A Prince George’s Hospital Center administrator working late was found bound and strangled in her office Jan. 13. Police told The Washington Post the victim had been raped.

Last Thursday, a gunman killed one patient and wounded five others in the lobby of the Washington Hospital Center’s Cancer Institute. Hospital officials told The Post the shooting occurred so quickly the armed guard in the room did not have time to respond.

John L. Hummer, chief operating officer for the GW Medical Center, said while the hospital’s security is adequate, officials will make a “continuous improvement effort” to ensure safety in the hospital.

“We felt it important to improve our level of readiness,” Hummer said.

To control traffic in the building, the 22nd Street entrance now closes at 6 p.m., and the entrances on I and 23rd streets close at 8 p.m. Only the hospital’s emergency room will remain open 24 hours a day, Hummer said.

Security officers will be stationed at each entrance, he added.

Guards also will check the identification of all employees and visitors in the building. All visitors are required to check in at the entrance, Hummer said.

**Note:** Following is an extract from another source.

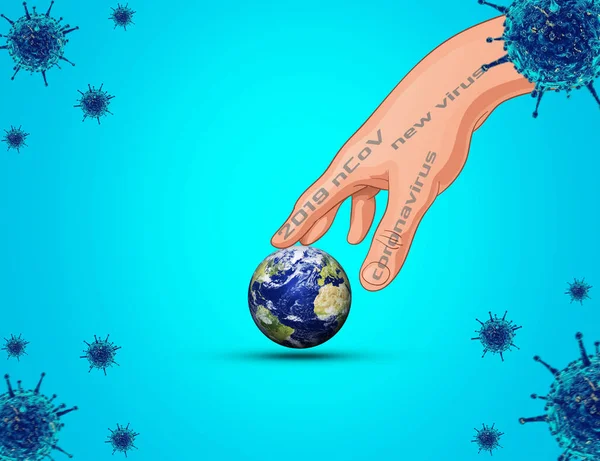 Coronavirus or corona virus 3D hand concept. China Wuhan coranavirus outbreak on china and whole world. corona virus attack the hole world. 3D hand isolated on blue background.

Senior Catie DeLong, a pre-med student who volunteers at Columbia Hospital for Women, said she is not sure security guards will be able to secure all aspects of the hospital.

“It’s a little frightening,” DeLong said. “At the Washington Hospital Center (the gunman) just walked in with a gun and started shooting, so I don’t think a security guard is going to be able to stop that.

“It concerns me because (P.G. and Washington Hospital centers) already have security in place and it’s obviously not doing a good enough job,” she added.